Stead’s long account of the Pegasus award is puzzling. Most readers in this country will never have heard of this award let alone know that Keri Hulme has won it. I can only assume, given the timing of Stead’s letter, that it is offered as an analogy: for Pegasus, read Booker. Perhaps ‘affirmative action’ has been at work again – such hints have been made in this country. Literary prizes are aunt sallies. They are barely respectable, and the wrong work is always selected. Many regard the Booker Prize as a confirmation of mediocrity. Anthony Burgess remarked recently that John Fowles’s latest novel, A Maggot, was too good to be on the Booker shortlist, and Fowles had already asked his publisher not to enter it. Prizes do, however, bring contemporary writing to public notice. The success of The Bone People has contributed to the growing awareness of contemporary New Zealand writing in Britain. Janet Frame is belatedly being discovered. New Zealand poetry is regularly, if uninformedly, reviewed in the TLS. Karl Stead’s last novel was reviewed in the Guardian. This ‘affirmative action’ should be welcomed by all New Zealand writers.
I described Stead’s letter as contradictory because, having suggested there is something meretricious about the novel’s success, he then offers an interesting, often sympathetic reading, pointing, for example, to its careful patterning, something most reviews I’ve seen have missed.
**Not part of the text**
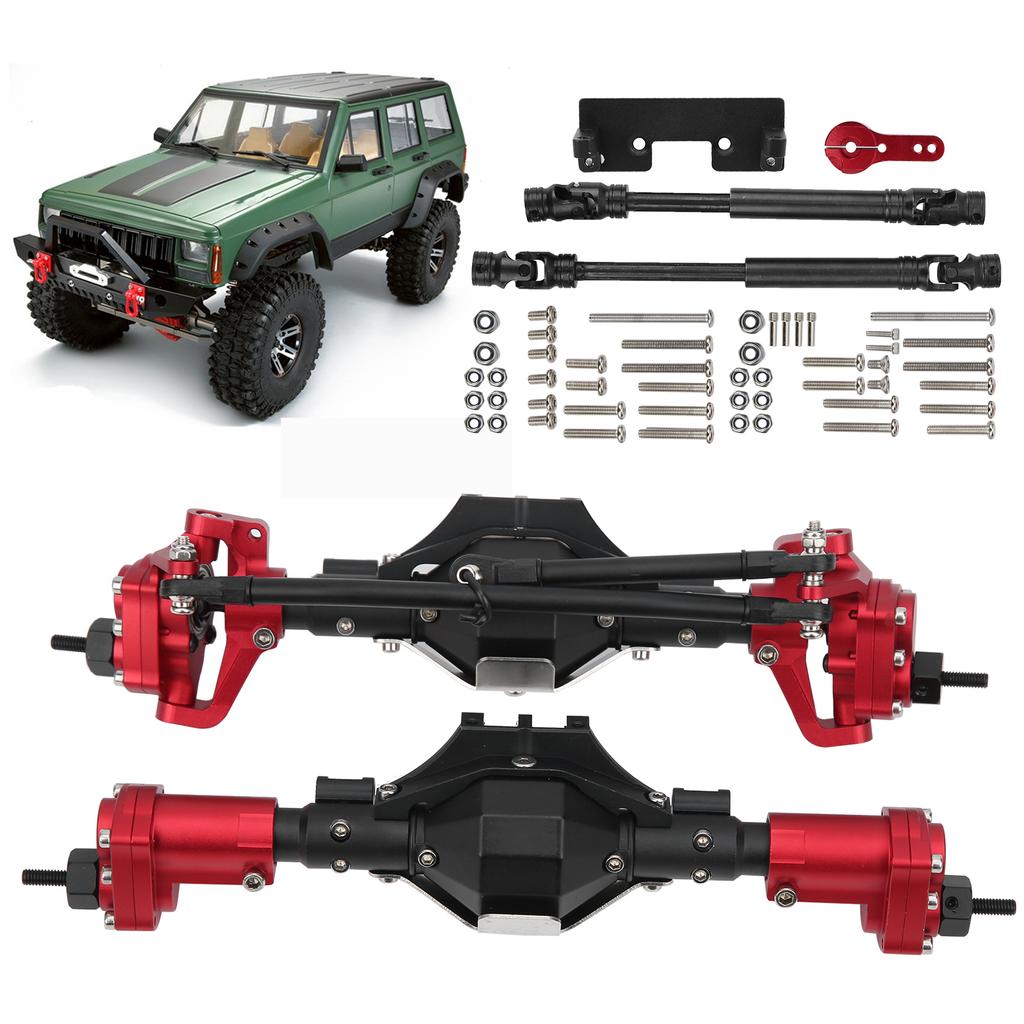 Front Rear Axle Assembly with Drive Shaft Upgrade Parts Fit for Axial SCX10 II 90046 90047(Black Red )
But then, in his final paragraph, he buries the novel. There is ‘something black and negative deeply ingrained in its imaginative fabric’, and this is because it ‘presents extreme violence against a child, yet demands sympathy and understanding for the man who commits it’. Understanding is one thing and sympathy another. I learnt something about the intertwining of love and violence from this novel, but it certainly did not make me come to love violence. For all its violence, I find something hopeful, even pacific, ingrained in its imaginative fabric, and this seems to me a measure of its extraordinary power. There is a lot ‘wrong’ with The Bone People, as analysis of the kind Stead performs in the middle sections of his letter can show, but in the end this hardly seems to matter. I’m fascinated by the way that, for me, its flaws make no difference to its overall effect. I can think of very few novels of which this is true. Perhaps it is here, rather than with paranoia about its feminist and Maori credentials, that serious discussion of The Bone People should continue.